For instance, we can strongly solve 3x3 tic-tac-toe because we can brute force every possible combination and determine perfect moves. Of course, brute force is impossible for an infinite board size, and some games are only strongly solved up to a certain board size. For instance, Hex is only strongly solved up to a 6x6 board. Still, the hope is that this brute force on games like these will lead to an algorithm for perfect play that works for an infinite size (e.g. an NxN board).
The best studied strongly solved game is Nim, where an algorithm has been found that produces perfect play from any position of any size heaps and objects. This game can be played on a board (or just by drawing on a piece of paper), so it counts as a board game.
Most other combinatorial games are played on a fixed board and are not typically studied at NxN sizes. In some cases, an algorithm for those sizes may not be possible. As described above Hex has been strongly solved for a 6x6 board. However, an algorithm that works for NxN boards is unlikely to be found because the problem is PSPACE-complete, meaning that the number of possibles moves increases polynomially in relation to the size of the board, and it would take a polynomial amount of time to solve the game for a given size. It is suspected that this type of game is unsolvable because calculating for an infinite size would take a polynomially infinite amount of time.
Note that games like Chess, Checkers, and Go are EXPTIME-complete, which means that the number of possible moves increases exponentially in relation to the size of the board. Since an infinite board takes exponentially infinite time to solve, EXPTIME-complete problems like this one are also suspected to be unsolvable. Since exponential time takes longer than polynomial time, and PSPAE-complete problems are suspected to be unsolvable, EXPTIME-complete problems are generally considered to be completely unsolvable.

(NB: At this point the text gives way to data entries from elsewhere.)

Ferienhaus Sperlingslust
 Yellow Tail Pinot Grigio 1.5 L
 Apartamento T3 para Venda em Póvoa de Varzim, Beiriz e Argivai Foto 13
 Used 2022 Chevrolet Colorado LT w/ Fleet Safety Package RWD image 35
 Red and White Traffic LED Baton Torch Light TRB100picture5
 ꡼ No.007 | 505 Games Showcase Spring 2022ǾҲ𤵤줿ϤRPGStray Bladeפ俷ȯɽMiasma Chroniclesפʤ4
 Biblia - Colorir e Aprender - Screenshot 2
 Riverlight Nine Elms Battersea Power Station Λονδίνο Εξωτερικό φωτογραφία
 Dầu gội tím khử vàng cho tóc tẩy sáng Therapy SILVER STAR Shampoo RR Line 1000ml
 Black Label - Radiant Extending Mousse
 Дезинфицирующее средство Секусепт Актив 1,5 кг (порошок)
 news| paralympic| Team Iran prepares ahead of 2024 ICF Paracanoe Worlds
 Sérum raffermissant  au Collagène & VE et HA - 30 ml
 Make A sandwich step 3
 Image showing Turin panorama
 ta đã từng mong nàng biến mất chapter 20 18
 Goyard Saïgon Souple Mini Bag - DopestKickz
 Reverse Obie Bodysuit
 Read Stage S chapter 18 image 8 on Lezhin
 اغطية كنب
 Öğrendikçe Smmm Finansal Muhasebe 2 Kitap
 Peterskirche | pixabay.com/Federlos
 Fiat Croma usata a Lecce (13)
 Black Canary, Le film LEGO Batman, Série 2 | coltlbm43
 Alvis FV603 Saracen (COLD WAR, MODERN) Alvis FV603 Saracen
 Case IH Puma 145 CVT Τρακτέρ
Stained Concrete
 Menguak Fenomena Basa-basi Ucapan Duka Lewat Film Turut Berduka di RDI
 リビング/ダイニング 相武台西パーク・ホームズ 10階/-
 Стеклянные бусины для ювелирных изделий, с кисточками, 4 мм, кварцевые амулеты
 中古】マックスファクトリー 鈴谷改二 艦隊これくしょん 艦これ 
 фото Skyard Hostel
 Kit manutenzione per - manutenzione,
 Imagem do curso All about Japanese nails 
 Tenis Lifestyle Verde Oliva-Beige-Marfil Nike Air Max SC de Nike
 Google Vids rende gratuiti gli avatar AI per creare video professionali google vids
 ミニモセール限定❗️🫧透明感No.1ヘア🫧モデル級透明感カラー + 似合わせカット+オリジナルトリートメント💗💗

For reference, it took 18 years to strongly solve 8×8 checkers by brute force. It would take exponentially more work to solve a 9x9 board.
(It's been a long time since I've studied this stuff, but I vaguely recall some research considering what impact quantum computers might have on this type of problem. As I recall, it might be possible to reduce a PSPACE problem to a P problem, which can be efficiently solved in polynomial time regardless of the size of the input. That said, I'm not an expert in this field, so take it worth a grain of salt.)
Caveat: I'm not an expert in this field and it's been years since I've studied it. If I've made any incorrect statements about PSPACE-Complete etc. in this answer, please point it out in the comments or correct it.